■ **Work required**
From the first line to the last, set down the material exactly and drop every picture.

—————

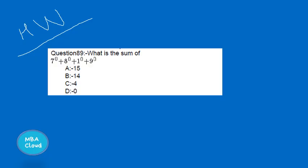Don't miss such questions. Just add, square, or subtract as needed. Remember: any number to the power of 0 equals 1. So 7⁰ + 8⁰ + 1⁰ + 9⁰ = 1 + 1 + 1 + 1 = 4.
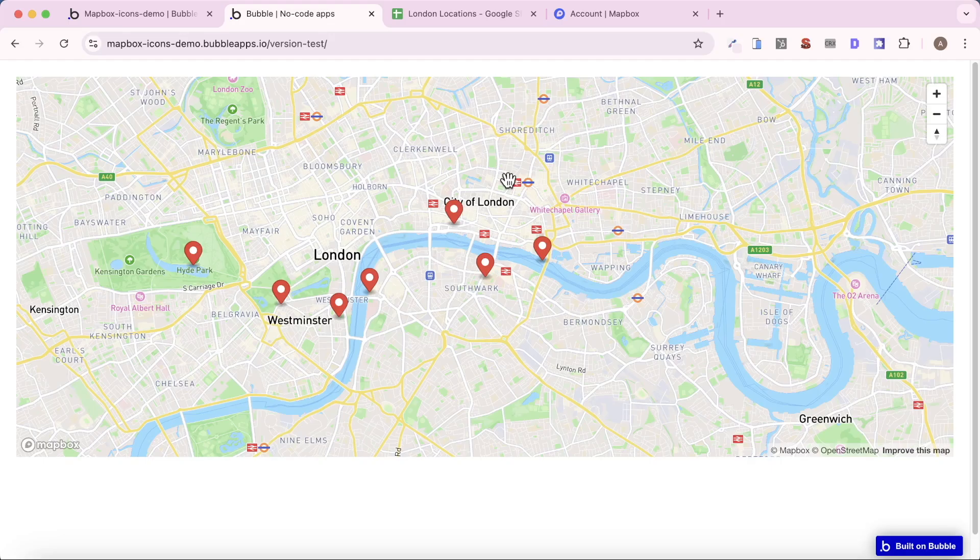So there's loads you can do with Mapbox and this plugin. I have another video I'm going to link to below about how you can add custom icons, where you don't necessarily just have to use the default ones. But at a high level, that's how you add markers to a map in Bubble.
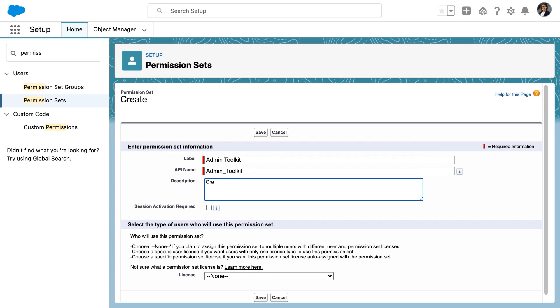We'll also give this a useful description, something like grants the admin toolkit custom permission. That way we know what this thing does.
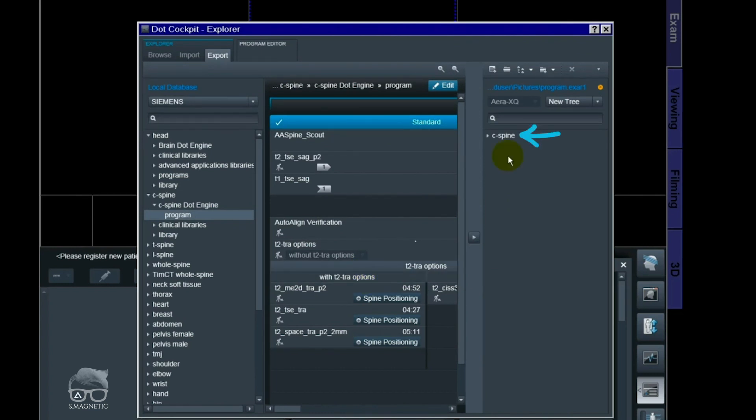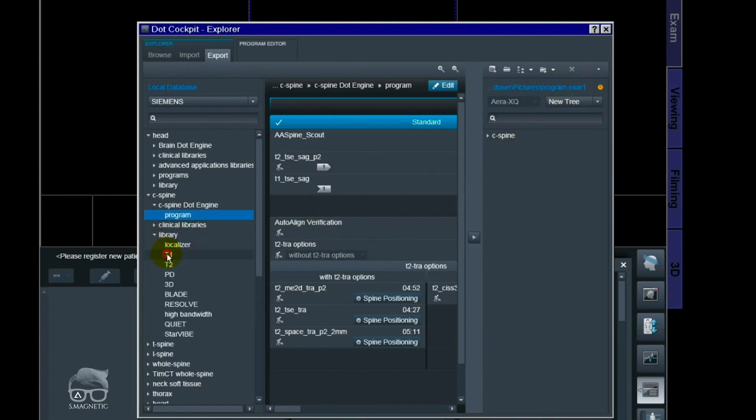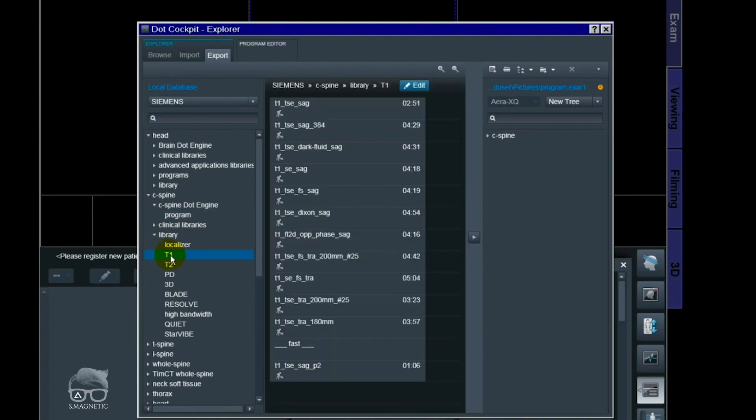So you see right there, I just saved the C-spine program. And in that saving file, I can add different protocols just like this one. Let me just add it like that. So I can add multiple, as many as I want.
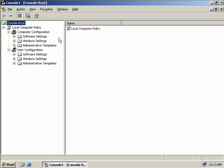Under Software Settings we can manage our applications. Windows Settings lets us manage things like scripts and security settings, and Administrative Templates contains registry-based settings.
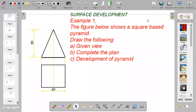Hi guys, in this video I'm going to show you how to unfold a three-dimensional object into a two-dimensional shape, and this is called development.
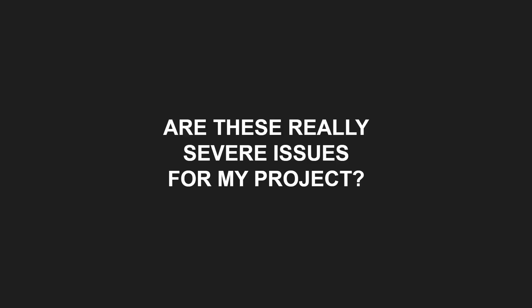Now you might ask, are those really severe issues for my project? Maybe not in the beginning. Maybe you can simply compile, test and deploy everything all the time. But please don't forget that successful projects tend to grow in size and complexity and that team members might change.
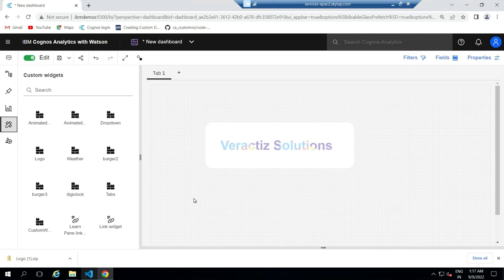Also, we can create an animated text and change its animation on mouse hover.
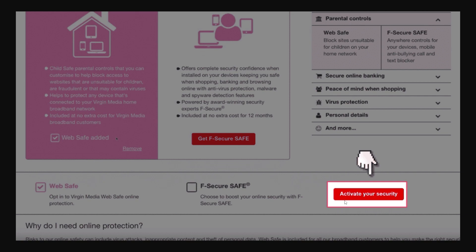If you already have Web Safe or parental lock enabled, it will look something like this. You'll be able to see the option that says Web Safe Added, and also the one that says Opt Into Virgin Media Web Safe Online Protection.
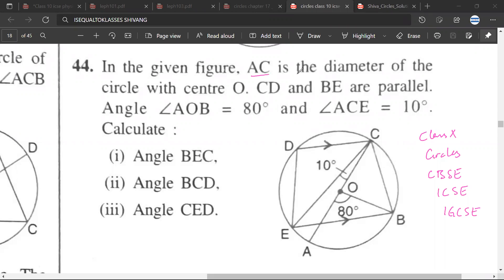In the given figure, AC is a diameter passing through center O. CD and BE are parallel lines. Angle AOB is 80 degrees. Angle ACE is 10 degrees. We need to calculate angle BEC.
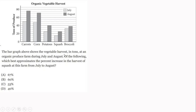The table shows the harvested tons at an organic produce farm during July and August. Which best approximates the percentage increase in the harvest of squash at this farm from July to August? The answer choices are: A) 67%, B) 60%, C) 53%, D) 40%.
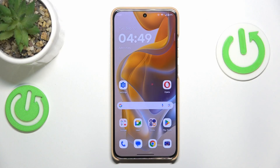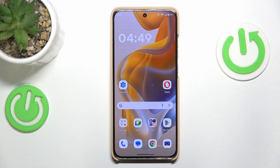This is the Motorola Edge 50 Neo, and today I'll show how you can fix the Wi-Fi connectivity issues on this device.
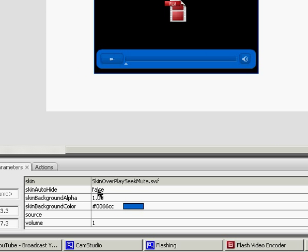The Skin Auto Hide, once the mouse goes off of the video, the skin player will fade out, and you'll just see the video, if that's set to true.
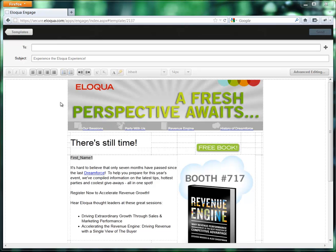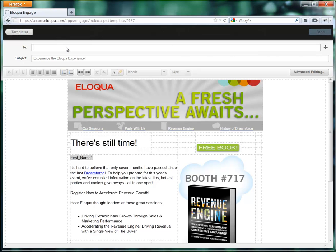There are two ways in which you can add a new contact into Eloqua Engage. The first is by typing their first name, last name, and email address into the To field. The second is by clicking on the plus button. So let's look at the first way.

—————

■ **Response area**
Don't miss such questions. Just add, square, or subtract as needed. Remember: any number to the power of 0 equals 1. So 7⁰ + 8⁰ + 1⁰ + 9⁰ = 1 + 1 + 1 + 1 = 4.
So there's loads you can do with Mapbox and this plugin. I have another video I'm going to link to below about how you can add custom icons, where you don't necessarily just have to use the default ones. But at a high level, that's how you add markers to a map in Bubble.
We'll also give this a useful description, something like grants the admin toolkit custom permission. That way we know what this thing does.
So you see right there, I just saved the C-spine program. And in that saving file, I can add different protocols just like this one. Let me just add it like that. So I can add multiple, as many as I want.
Under Software Settings we can manage our applications. Windows Settings lets us manage things like scripts and security settings, and Administrative Templates contains registry-based settings.
Hi guys, in this video I'm going to show you how to unfold a three-dimensional object into a two-dimensional shape, and this is called development.
Now you might ask, are those really severe issues for my project? Maybe not in the beginning. Maybe you can simply compile, test and deploy everything all the time. But please don't forget that successful projects tend to grow in size and complexity and that team members might change.
Also, we can create an animated text and change its animation on mouse hover.
If you already have Web Safe or parental lock enabled, it will look something like this. You'll be able to see the option that says Web Safe Added, and also the one that says Opt Into Virgin Media Web Safe Online Protection.
In the given figure, AC is a diameter passing through center O. CD and BE are parallel lines. Angle AOB is 80 degrees. Angle ACE is 10 degrees. We need to calculate angle BEC.
The table shows the harvested tons at an organic produce farm during July and August. Which best approximates the percentage increase in the harvest of squash at this farm from July to August? The answer choices are: A) 67%, B) 60%, C) 53%, D) 40%.
This is the Motorola Edge 50 Neo, and today I'll show how you can fix the Wi-Fi connectivity issues on this device.
The Skin Auto Hide, once the mouse goes off of the video, the skin player will fade out, and you'll just see the video, if that's set to true.
There are two ways in which you can add a new contact into Eloqua Engage. The first is by typing their first name, last name, and email address into the To field. The second is by clicking on the plus button. So let's look at the first way.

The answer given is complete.